Markov Chain Monte Carlo
import numpy as np
import matplotlib.pyplot as plt
import seaborn as sns
Markov Chain Monte Carlo
You wake up on a cold, damp, hard floor. Everything is covered in darkness, such that you can’t even see your hand an inch from your face. You begin to slowly crawl forward, feeling the ground as you go. You notice the floor is strangely uneven, but you continue crawling randomly until you eventually collide with a wall. You turn and continue crawling for what seems like hours until you have a near perfect image of the floor in your mind. You know where the center of the room is, where the floor is steep and where the floor is level. You know it so well, that the darkness has become irrelevant to your mental topographic map of the room. In essence, you have just performed MCMC on the terrain of your mysterious enclosure.
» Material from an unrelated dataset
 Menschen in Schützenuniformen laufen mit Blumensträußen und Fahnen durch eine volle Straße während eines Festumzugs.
The spirit of MCMC is accepting the intractability of directly obtaining the posterior, and instead randomly walking across the posterior. Along the way, you record your random steps, and before you know it, you have a solid approximation of the posterior.
What is Monte Carlo?
The Monte Carlo method is a quick and dirty method for approximating a numerical problem with random simulation.
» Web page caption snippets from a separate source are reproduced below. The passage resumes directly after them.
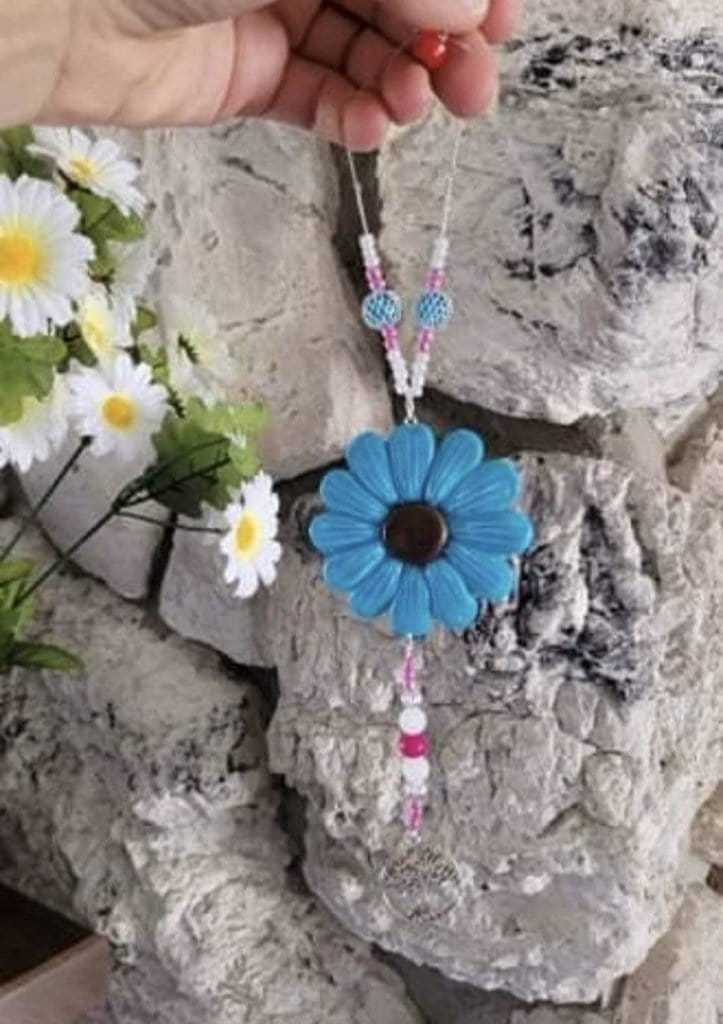 Blue Sofia Daisy car/window charm with black lava bead and glass beads, handmade from polymer clay, supporting IWK Foundation.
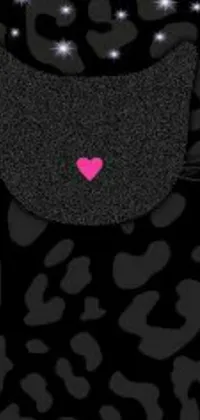 This live phone wallpaper features a bold black cat holding a bright pink heart in its mouth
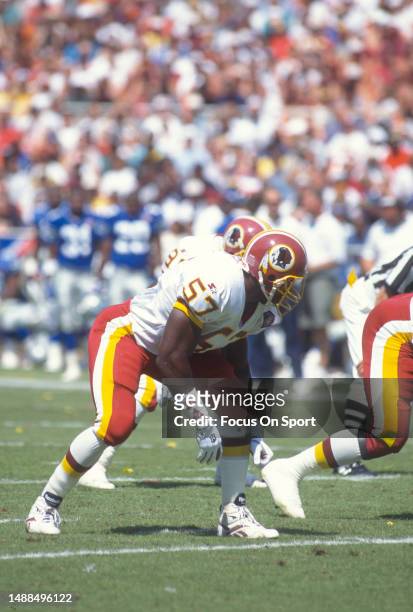 Ken Harvey of the Washington Redskins looks into the backfield against the Seattle Seahawks during an NFL football game September 4, 1994 at RFK...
Example: Computing an integral. Suppose you with to compute the following integral:
\[\int_0^1 x^3dx\]but you have forgotten your antiderivative rules. Instead, you have the ingenious idea to randomly sample points on $[0, 1]$, cube them, and take the average.
samples = np.random.uniform(size = 10000)
determinstic_function = samples ** 3
approximation = np.mean(determinstic_function)
approximation
0.2533813855166624
The general recipe for solving a problem with Monte Carlo methods is the following:
- Randomly sample inputs over the domain
- Perform the desired computation
- Aggregate the results
For a given random variable $X$ from density $p(x)$,
\[\frac{1}{n}\sum_{i=0}^n \frac{f(x_i)}{p(x_i)} \approx \int f(x) p(x) dx\]Given $X_1, …, X_n$ where $X\sim\text{Uniform}(a, b)$ The basic Monte Carlo estimator is
\[F=\int_b^a f(x) dx \approx (b-a) \frac{1}{n}\sum_{i=0}^n f(x_i)\]Another example:
\[F = 2\int_{-1}^{1} \sqrt{1 - x^2}dx\]sims = 100
estimates = []
for i in range(sims):
x = np.random.uniform(low = -1, high = 1, size = 10000)
deterministic_computation = 4 * (1 - x ** 2) ** 0.5
estimate = np.mean(deterministic_computation)
estimates.append(estimate)
np.mean(estimates)
3.141219101387876
What is a Markov Chain?
A Markov Chain is a memoryless, stochastic process. In other words, to know where you’re going, it doesn’t matter where you’ve been, only where you are now.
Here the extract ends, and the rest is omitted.